In the first period, the conversation focused on fear and the ways it keeps us silent. Lorde's comment about how fears keep us silent and that, by putting them under "scrutiny" we can begin to be free of them, spurred a conversation of what kinds of fears make us silent. 
Fear of actually facing violence, said ZE.
Fear of facing incarceration if we are guilty, said DI.
Fear of people's reactions if we tell them we are sick, like if we have HIV, said AM.
Fear of being abused, or of telling someone that we've been abused, said MY.
Fear of angry parents if we tell them that we are in a relationship, said AA.  

Before we read Lorde's words about encouraging each other, I asked students how we overcome these fears. They said "raise your voice; be confident" and I said that those things are hard. How do we gain the confidence to raise our voice? Practice, they said, and encourage each other. This is exactly what Lorde tells us, I said. We looked at the section where Lorde says that "We can train ourselves to respect our feelings, and to discipline (transpose) them into a language that matches those feelings so they can be shared. And where the language does not yet exist, it is our poetry which helps to fashion it." 

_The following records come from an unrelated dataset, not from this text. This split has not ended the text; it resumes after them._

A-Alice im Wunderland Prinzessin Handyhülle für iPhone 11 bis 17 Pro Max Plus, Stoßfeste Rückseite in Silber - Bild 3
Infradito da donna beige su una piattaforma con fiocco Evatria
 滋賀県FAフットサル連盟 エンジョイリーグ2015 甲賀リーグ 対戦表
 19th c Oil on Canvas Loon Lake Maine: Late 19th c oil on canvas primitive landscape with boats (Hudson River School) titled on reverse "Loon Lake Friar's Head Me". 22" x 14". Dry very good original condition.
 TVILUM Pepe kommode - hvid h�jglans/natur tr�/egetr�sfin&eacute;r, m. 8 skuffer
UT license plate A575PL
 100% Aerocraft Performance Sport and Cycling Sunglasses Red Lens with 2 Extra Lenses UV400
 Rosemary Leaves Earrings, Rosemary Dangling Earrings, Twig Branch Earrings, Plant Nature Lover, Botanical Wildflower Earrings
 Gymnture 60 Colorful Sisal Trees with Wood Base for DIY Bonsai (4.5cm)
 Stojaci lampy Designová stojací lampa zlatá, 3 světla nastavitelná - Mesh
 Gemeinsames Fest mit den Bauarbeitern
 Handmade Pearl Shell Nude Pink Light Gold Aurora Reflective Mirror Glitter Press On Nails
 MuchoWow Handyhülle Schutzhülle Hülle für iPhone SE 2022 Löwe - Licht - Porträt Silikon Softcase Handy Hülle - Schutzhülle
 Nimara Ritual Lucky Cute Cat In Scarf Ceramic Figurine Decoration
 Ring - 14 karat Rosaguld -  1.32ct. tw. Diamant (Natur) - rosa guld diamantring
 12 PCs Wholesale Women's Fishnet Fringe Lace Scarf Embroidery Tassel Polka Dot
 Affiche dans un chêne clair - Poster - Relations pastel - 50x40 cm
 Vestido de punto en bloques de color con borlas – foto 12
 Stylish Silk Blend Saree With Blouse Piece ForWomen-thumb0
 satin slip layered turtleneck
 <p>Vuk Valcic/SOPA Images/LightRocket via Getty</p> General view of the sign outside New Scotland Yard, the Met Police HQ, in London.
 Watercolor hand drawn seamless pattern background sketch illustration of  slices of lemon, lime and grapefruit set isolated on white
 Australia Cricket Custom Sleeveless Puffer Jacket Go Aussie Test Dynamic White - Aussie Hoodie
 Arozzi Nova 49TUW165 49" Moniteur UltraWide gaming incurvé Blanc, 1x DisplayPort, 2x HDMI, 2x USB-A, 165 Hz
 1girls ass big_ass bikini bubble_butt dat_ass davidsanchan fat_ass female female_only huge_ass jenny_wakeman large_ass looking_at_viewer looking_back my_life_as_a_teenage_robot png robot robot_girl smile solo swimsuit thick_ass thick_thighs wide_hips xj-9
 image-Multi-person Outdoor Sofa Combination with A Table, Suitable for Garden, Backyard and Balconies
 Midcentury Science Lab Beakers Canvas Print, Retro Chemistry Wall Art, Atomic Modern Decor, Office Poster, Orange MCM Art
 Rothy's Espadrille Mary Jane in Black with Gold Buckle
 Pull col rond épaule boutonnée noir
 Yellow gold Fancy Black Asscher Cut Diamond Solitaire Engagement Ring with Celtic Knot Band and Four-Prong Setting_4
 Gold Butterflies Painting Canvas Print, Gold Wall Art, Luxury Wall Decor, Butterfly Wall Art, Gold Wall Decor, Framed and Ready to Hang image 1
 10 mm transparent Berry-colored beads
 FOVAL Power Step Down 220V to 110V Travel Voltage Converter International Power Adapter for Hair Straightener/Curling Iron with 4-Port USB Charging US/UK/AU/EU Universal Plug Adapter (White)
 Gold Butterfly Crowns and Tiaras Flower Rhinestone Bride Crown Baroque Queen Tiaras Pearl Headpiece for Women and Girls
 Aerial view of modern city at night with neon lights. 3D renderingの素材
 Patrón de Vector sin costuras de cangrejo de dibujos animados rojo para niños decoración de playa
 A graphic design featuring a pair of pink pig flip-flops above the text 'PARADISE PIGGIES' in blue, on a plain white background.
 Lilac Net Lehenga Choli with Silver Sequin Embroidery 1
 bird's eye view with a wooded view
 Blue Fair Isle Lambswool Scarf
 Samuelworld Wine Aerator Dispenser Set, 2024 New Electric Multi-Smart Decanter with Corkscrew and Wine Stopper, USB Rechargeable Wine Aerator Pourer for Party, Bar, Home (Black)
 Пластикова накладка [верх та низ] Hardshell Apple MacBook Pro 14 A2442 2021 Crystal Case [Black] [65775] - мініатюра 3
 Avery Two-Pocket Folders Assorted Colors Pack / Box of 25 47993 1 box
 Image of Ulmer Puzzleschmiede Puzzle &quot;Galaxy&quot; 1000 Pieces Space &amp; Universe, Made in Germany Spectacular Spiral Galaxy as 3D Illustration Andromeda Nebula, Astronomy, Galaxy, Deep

Image result for audre lorde poetry is not a luxuryWe had just written poetry at the beginning of class, a stanza of lines all of which began with "I". When we reached this point in the discussion, we could say "That was training. Lorde would congratulate us here on doing the hard work of looking within and asking 'What and who am I?'" We then talked, in both first and second periods, about what that takes courage. Why is it hard to turn the spotlight towards ourselves? 
Because sometimes we've made mistakes and done things we don't want to look at, said MN.
Because we like to put the past in the past, and pretend it has no power, said ZA.

_________

At the beginning of the period, as I told the classes that their homework was to read two poems by Langston Hughes, I said that it was his poetry was caused me to like poetry. "I didn't like any of the poetry we read in high school," I told them, to which RA said "Me neither!" I thought this was great, I always love the candor of what RA says. So I said "I'm so glad you said that, because it reminds me to say to you, even if you don't like any of the poetry we are reading now, don't give up on poetry, because there are a million kinds, and you might connect really well to some other kind of poetry. Don't do what I did, which is graduate thinking 'aw, poetry is just not for me.'"

I was going to make a comparison to what people have told me about beer - "you just haven't found the right one yet!" But I didn't. 

I've been thinking what kind of academic writing I could do about what goes on in my classroom, and I feel like reflecting on being a white teacher in a classroom of African and Asian and South American students might be fruitful line of inquiry to pursue.